1) Methane syntheses: Lead: Dave McGuire, Jennifer Frederick, Chip Miller, David Olefeldt
2) Geospatial analyses: addressing the scaling components of PCN synthesis activities: Lead: Dan Hayes, Andrew Balser
3) Quantifying the influence of ecosystem structure on permafrost thermal dynamics: Lead: Mike Loranty
4) Where and when will the Arctic become wetter or drier?

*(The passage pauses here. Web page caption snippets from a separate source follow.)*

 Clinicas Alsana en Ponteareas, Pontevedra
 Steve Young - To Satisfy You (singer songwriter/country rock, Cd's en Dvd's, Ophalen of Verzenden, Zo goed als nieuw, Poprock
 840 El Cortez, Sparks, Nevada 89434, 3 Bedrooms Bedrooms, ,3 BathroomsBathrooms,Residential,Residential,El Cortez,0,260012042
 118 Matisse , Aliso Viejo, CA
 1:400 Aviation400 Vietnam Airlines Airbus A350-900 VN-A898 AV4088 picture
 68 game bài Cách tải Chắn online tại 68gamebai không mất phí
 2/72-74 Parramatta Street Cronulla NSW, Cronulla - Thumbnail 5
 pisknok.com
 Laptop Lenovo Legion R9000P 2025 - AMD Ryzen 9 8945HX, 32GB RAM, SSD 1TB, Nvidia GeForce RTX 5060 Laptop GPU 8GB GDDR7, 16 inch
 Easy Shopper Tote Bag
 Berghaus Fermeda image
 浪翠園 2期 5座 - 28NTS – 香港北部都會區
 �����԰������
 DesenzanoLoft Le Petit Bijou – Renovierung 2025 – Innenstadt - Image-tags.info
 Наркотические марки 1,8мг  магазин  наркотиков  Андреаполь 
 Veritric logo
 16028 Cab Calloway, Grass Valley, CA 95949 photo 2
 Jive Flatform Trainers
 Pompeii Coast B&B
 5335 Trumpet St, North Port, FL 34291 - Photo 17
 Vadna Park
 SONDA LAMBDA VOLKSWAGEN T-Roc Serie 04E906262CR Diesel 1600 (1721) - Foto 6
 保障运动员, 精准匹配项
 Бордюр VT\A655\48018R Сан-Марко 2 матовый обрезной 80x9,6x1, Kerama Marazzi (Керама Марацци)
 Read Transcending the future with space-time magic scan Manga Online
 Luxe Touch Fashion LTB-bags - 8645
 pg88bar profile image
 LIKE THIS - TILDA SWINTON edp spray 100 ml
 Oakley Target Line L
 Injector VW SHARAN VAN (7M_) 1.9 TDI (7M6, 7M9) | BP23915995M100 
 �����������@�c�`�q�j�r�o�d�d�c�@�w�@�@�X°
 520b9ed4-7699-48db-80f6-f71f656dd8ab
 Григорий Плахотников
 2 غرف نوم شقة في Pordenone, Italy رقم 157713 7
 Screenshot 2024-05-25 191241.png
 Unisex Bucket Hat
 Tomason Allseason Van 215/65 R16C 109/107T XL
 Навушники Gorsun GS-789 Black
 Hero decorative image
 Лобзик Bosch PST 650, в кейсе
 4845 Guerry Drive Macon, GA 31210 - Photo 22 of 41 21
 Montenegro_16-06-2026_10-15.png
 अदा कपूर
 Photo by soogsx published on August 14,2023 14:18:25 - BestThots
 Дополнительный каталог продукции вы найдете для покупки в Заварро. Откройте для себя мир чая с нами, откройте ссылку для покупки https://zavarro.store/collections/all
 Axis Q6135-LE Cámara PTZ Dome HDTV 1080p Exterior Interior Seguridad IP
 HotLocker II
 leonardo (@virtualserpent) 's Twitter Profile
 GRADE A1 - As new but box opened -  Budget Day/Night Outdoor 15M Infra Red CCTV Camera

Lead: Cathy Wilson
5) Carbon emission from the arctic during the non-growing season: Lead: Sue Natali
6) Deep soil carbon pools: Lead: Jens Strauss, Guido Grosse, Gustaf Hugelius, Jen Harden
7) Dissolved organic matter composition in waters draining permafrost landscapes: Lead: Jon O’Donnell, Jorien Vonk
8) Greening versus browning of the Arctic: Lead: Christina Schädel
9) Synthesizing the use of carbon isotope (14C and 13C) approaches to understand rates and pathways for permafrost C mobilization and mineralization: Lead: Cristian Estop-Aragones, Ted Schuur
10) Primary and Derivative data products: Lead: Jen Harden, Claire Treat, Charlie Koven, Claire Treat, Umakant Mishra, Gustaf Hugelius
Many new publications came out of the efforts of the Permafrost Carbon Network in 2015. Of particular importance are Schuur et al. (2015) and Koven et al. (2015). Both publications are based on collective efforts and syntheses of many members of the Permafrost Carbon Network. More publications can be found on the PCN website.
The Permafrost Carbon Network will continue beyond 2016 as part of the Permafrost Action Team under the Umbrella of SEARCH. The next synthesis lead and co-lead workshop will be held in conjunction with the XI. International Conference on Permafrost (ICOP) in June of 2016 in Potsdam, Germany. This will also be an important opportunity to connect US-efforts with international colleagues. Scientific presentations for individual syntheses will be given during the sessions proposed at ICOP and the lead and co-lead workshop will be used to advance progress of individual syntheses by discussing progress and identifying cross-linkages between working groups and syntheses.